ASSIGNMENT:
Look below for the line holding "Sano Manjiro (Mikey)" and the line holding "Casa Serena 10". Repeat those two and everything between, exactly.
((
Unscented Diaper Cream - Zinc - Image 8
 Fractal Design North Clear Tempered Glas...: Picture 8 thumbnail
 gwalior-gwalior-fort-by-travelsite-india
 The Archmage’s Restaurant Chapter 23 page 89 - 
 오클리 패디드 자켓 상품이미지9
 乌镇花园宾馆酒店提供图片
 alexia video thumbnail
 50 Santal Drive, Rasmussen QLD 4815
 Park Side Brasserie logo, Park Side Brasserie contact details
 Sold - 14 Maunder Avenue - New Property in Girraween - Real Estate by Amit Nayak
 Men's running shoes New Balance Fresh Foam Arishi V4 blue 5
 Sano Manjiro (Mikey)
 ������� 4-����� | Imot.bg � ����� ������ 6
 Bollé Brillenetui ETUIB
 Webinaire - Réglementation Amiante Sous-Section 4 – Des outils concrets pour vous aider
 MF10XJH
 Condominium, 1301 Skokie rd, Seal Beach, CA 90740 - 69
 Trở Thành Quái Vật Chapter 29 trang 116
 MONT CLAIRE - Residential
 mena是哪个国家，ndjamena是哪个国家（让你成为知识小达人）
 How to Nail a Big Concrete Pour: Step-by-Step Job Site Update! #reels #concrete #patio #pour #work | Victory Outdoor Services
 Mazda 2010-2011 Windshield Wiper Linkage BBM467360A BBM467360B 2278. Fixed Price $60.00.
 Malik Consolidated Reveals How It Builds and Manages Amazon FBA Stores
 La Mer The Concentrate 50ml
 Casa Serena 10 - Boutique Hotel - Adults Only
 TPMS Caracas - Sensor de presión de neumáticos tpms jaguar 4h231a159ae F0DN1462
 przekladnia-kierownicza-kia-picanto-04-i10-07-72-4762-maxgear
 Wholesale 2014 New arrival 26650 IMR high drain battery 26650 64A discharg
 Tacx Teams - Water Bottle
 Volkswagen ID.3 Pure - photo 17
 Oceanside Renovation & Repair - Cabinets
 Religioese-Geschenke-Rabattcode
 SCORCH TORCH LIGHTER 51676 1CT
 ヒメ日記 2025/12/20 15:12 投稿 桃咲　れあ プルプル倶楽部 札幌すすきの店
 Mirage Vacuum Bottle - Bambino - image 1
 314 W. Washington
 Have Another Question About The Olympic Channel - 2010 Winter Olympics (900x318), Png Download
))
RESULT OF THIS EXERCISE:
 Sano Manjiro (Mikey)
 ������� 4-����� | Imot.bg � ����� ������ 6
 Bollé Brillenetui ETUIB
 Webinaire - Réglementation Amiante Sous-Section 4 – Des outils concrets pour vous aider
 MF10XJH
 Condominium, 1301 Skokie rd, Seal Beach, CA 90740 - 69
 Trở Thành Quái Vật Chapter 29 trang 116
 MONT CLAIRE - Residential
 mena是哪个国家，ndjamena是哪个国家（让你成为知识小达人）
 How to Nail a Big Concrete Pour: Step-by-Step Job Site Update! #reels #concrete #patio #pour #work | Victory Outdoor Services
 Mazda 2010-2011 Windshield Wiper Linkage BBM467360A BBM467360B 2278. Fixed Price $60.00.
 Malik Consolidated Reveals How It Builds and Manages Amazon FBA Stores
 La Mer The Concentrate 50ml
 Casa Serena 10 - Boutique Hotel - Adults Only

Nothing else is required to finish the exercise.